### Source information
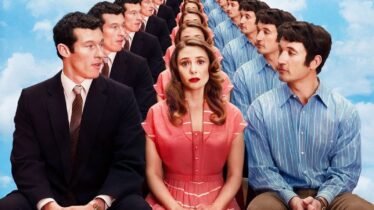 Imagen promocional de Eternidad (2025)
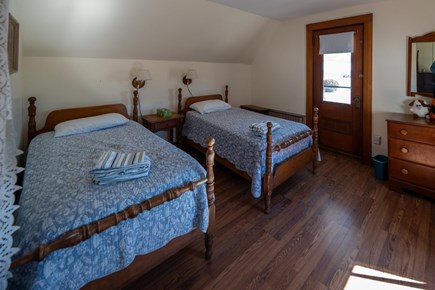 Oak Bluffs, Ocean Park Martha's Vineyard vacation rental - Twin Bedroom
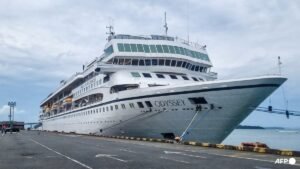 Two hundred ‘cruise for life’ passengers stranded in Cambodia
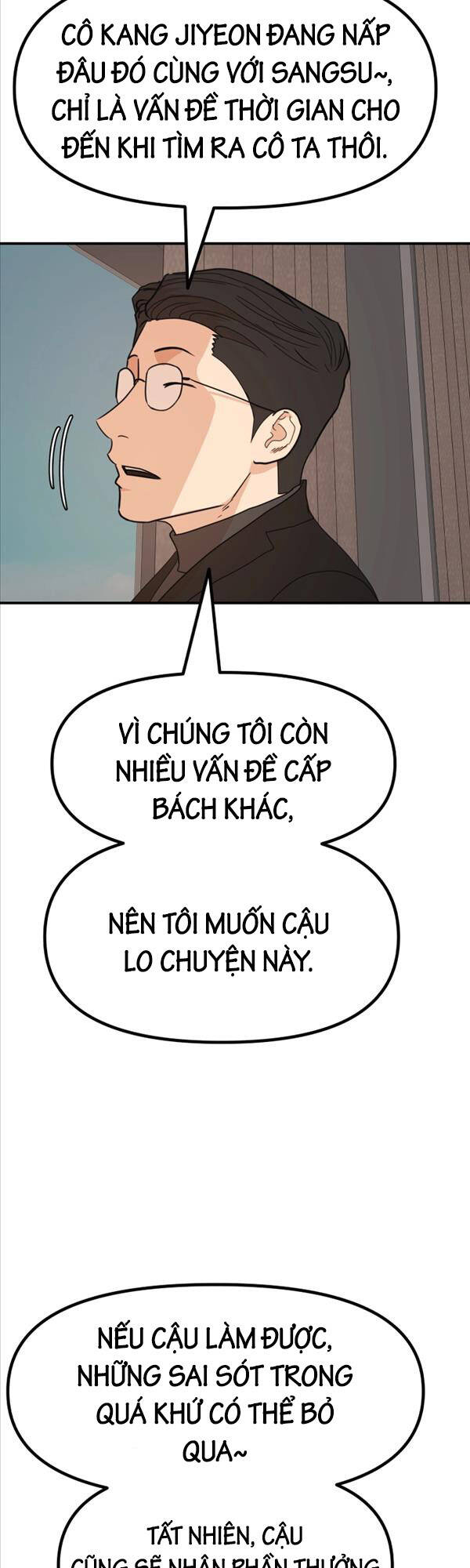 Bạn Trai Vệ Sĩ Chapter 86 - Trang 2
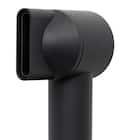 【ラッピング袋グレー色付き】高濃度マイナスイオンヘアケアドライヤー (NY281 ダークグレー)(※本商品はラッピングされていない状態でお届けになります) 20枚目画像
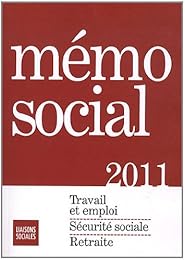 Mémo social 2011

---

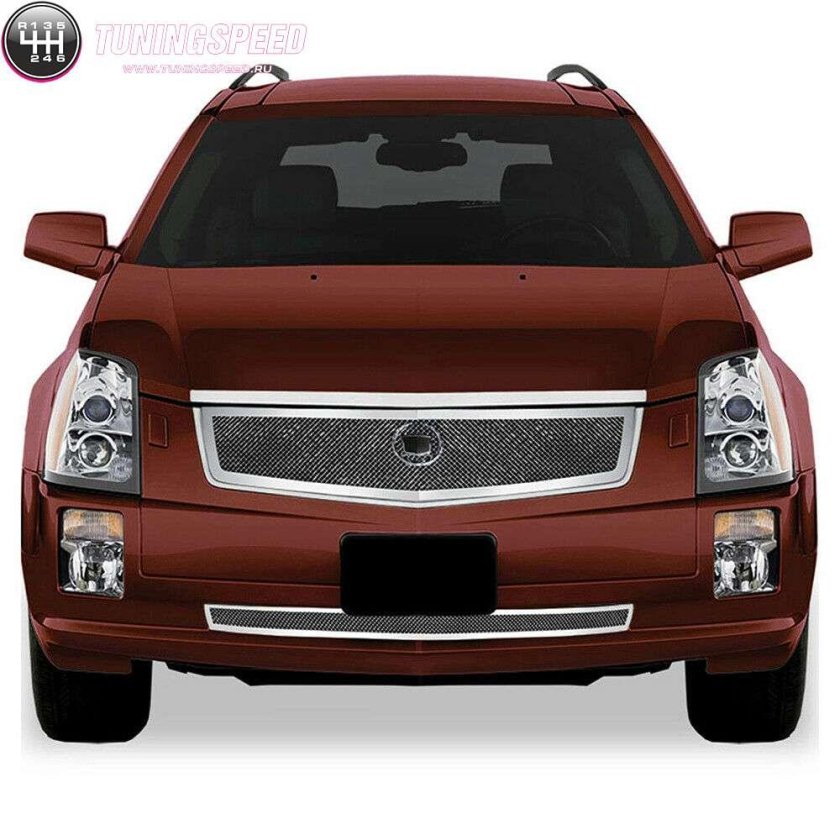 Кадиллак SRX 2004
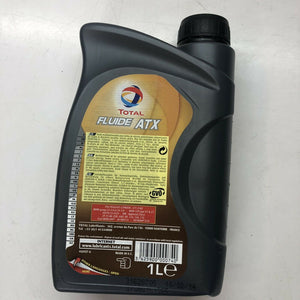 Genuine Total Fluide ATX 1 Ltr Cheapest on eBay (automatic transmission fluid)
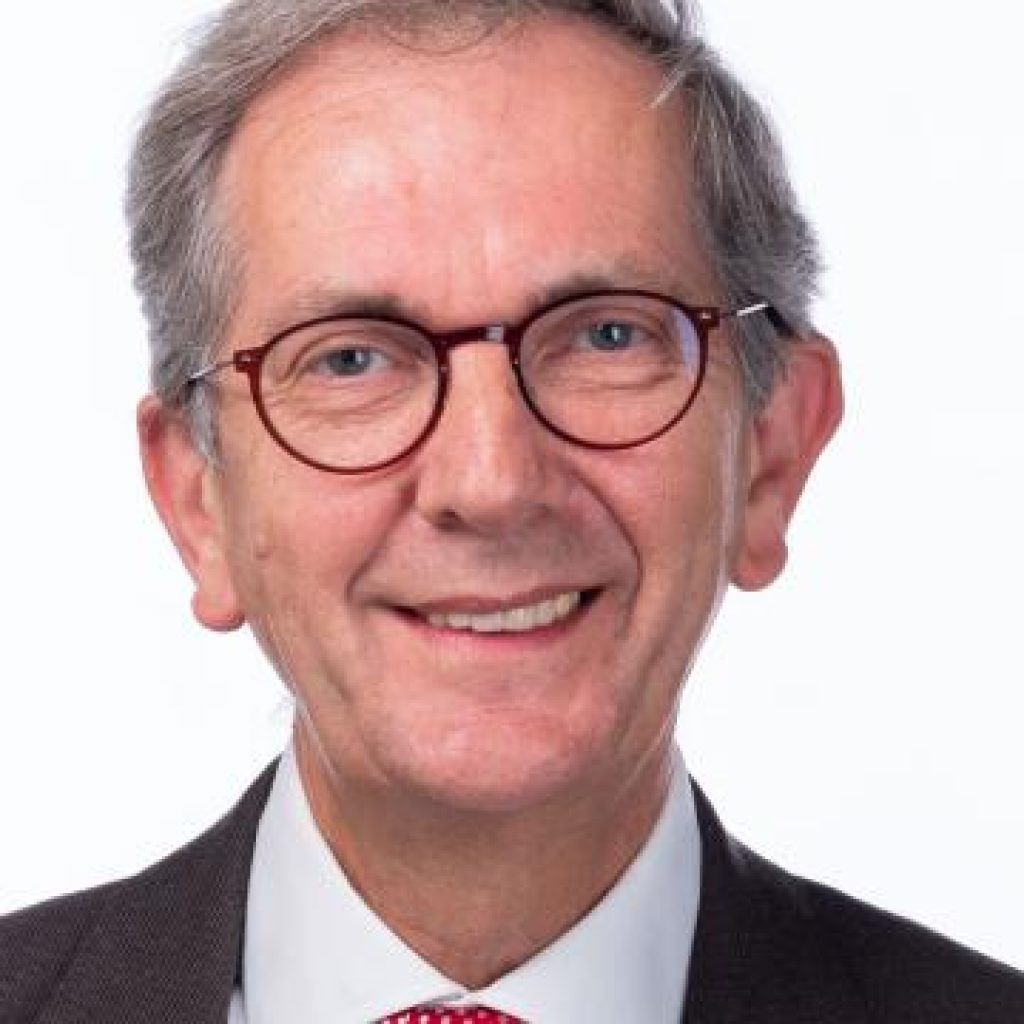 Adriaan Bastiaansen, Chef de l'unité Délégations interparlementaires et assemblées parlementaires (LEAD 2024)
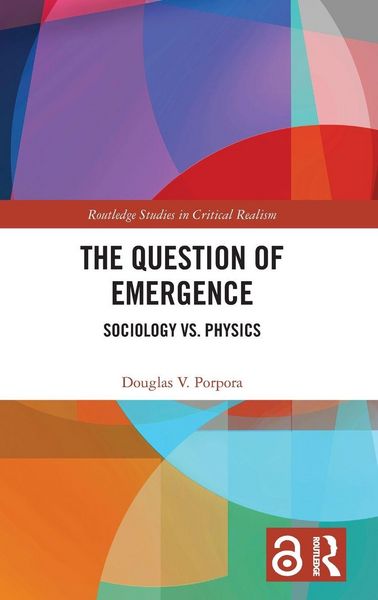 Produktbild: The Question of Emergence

### Work task
An exact copy is needed of the entries above, starting at the line that holds "Genuine Total Fluide" and stopping at the line that holds "Produktbild: The Question of Emergence", both kept; pictures stay out.

### Answer for this exercise
 Genuine Total Fluide ATX 1 Ltr Cheapest on eBay (automatic transmission fluid)
 Adriaan Bastiaansen, Chef de l'unité Délégations interparlementaires et assemblées parlementaires (LEAD 2024)
 Produktbild: The Question of Emergence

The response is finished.